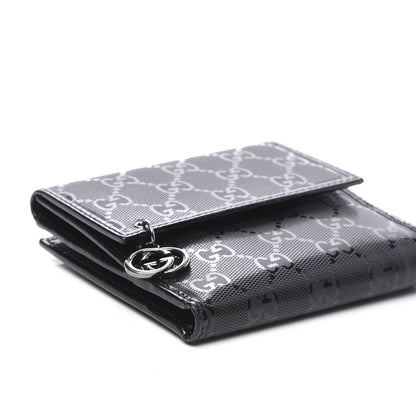 Gucci Imprime Monogram GG Pierce French Flap Wallet Black 5 of 10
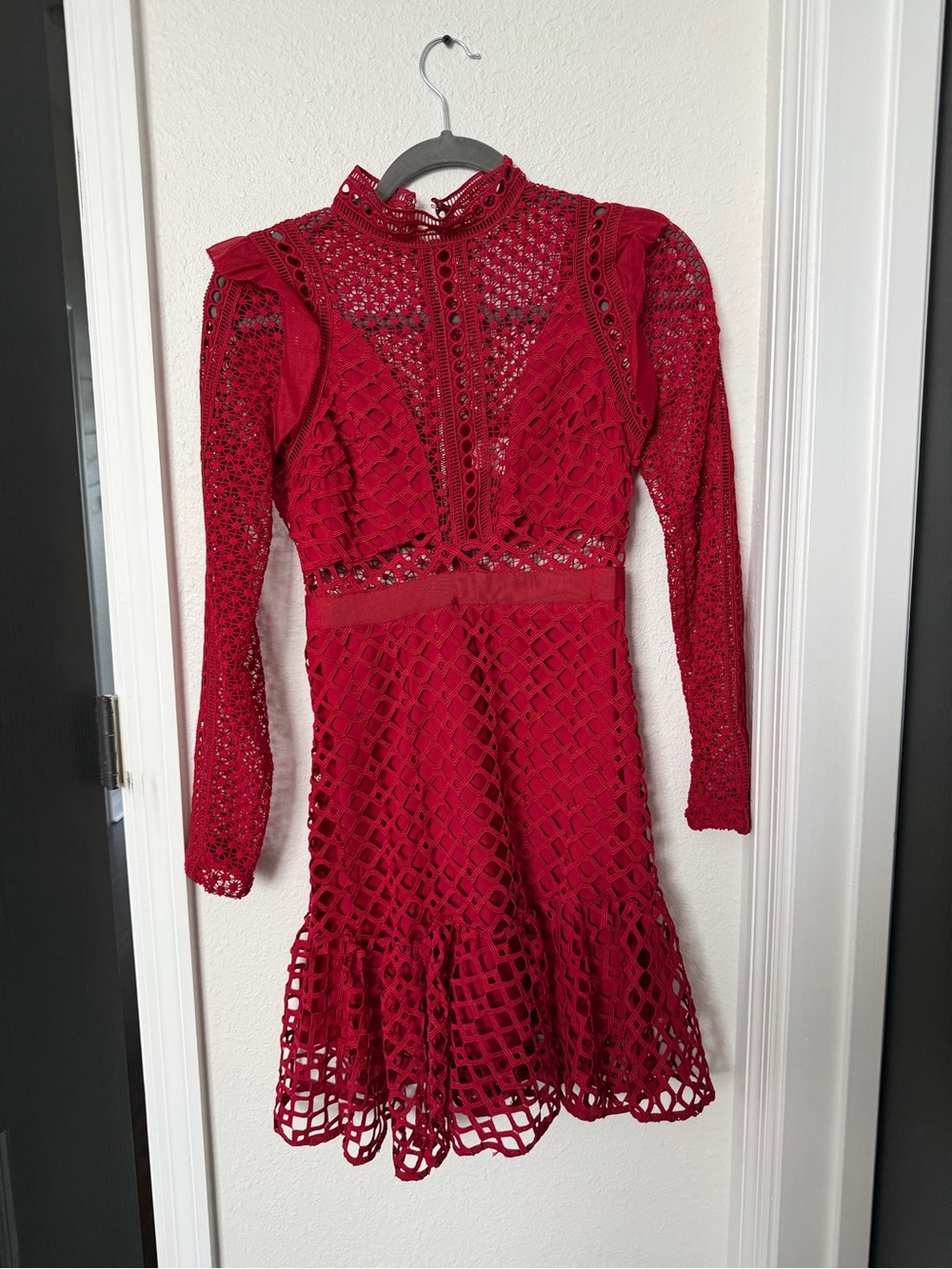 Red Crochet Lace Long-Sleeve Fit & Flare Dress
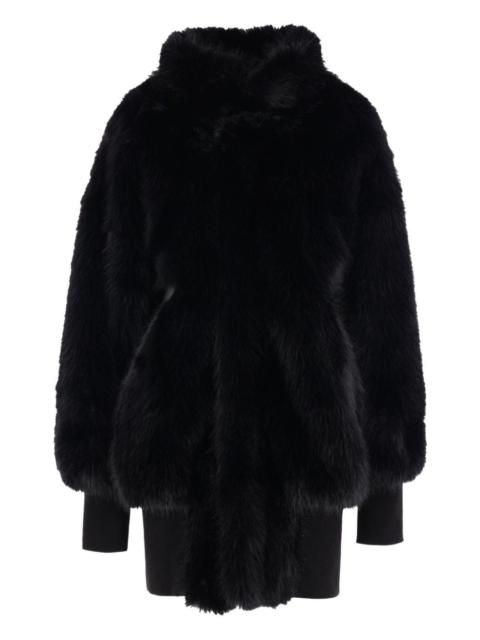 faux-fur leather coat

----

--- Exercise ---
What is wanted is the listing, written out exactly, with each picture removed.

--- Output for this exercise ---
 Gucci Imprime Monogram GG Pierce French Flap Wallet Black 5 of 10
 Red Crochet Lace Long-Sleeve Fit & Flare Dress
 faux-fur leather coat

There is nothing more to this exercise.